À la dérive, la première cargaison ukrainienne de céréales peine à trouver des acheteurs

Par latribune.fr  |   |  552  mots
Un navire charge sa cargaison de céréales dans le port d'Odessa. (Crédits : Haropa)
Le « Razoni » a pris la mer le 1er août depuis Tchornomorsk. Depuis, son itinéraire ressemble à une course d'obstacles. Son premier client au Liban s'est désisté, en dénonçant la qualité dégradée des grains, et seuls 5% de sa cargaison a été vendue à un acheteur turc. La perspective d'un retour à la normale des ventes ukrainiennes de céréales dans le monde n'a jamais semblé si fragile, tout comme l'accord russo-turco-ukrainien qui l'a permis.

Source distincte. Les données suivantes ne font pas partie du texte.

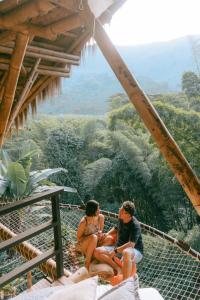 due persone sedute su un ponte sospeso tra le montagne di ATTRAVERSIAMO BAMBOO HOUSE a Manizales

S'est-on réjoui trop vite de la reprise des exportations ukrainiennes de céréales ? Si l'accord tripartite signé par les Russes, les Ukrainiens et les Turcs sous l'égide de l'ONU le 22 juillet laissait entrevoir l'espoir pour les Ukrainiens d'écouler une partie des dix milliards d'euros de céréales qui stagnent encore sur le territoire qu'ils contrôlent, il n'en est rien pour l'instant.

A peine une dizaine de bateaux chargés de céréales ont quitté les ports ukrainiens d'Odessa et de Tchornomorsk. Pire, ces cargaisons peinent maintenant à trouver des débouchés. A ce titre, l'exemple le plus frappant est celui du « Razoni ». Le premier navire a quitté un port ukrainien depuis le début de la guerre connaît une longue errance depuis le 1er août. Alors qu'il avait déjà pris la mer, son acheteur initial, vraisemblablement basé au Liban, qui avait passé commande avant la guerre, a finalement renoncé à acquérir la cargaison, prétextant le retard de la livraison imputable à la guerre, alors même qu'une cérémonie était prévue avec les diplomates à Tripoli au Liban.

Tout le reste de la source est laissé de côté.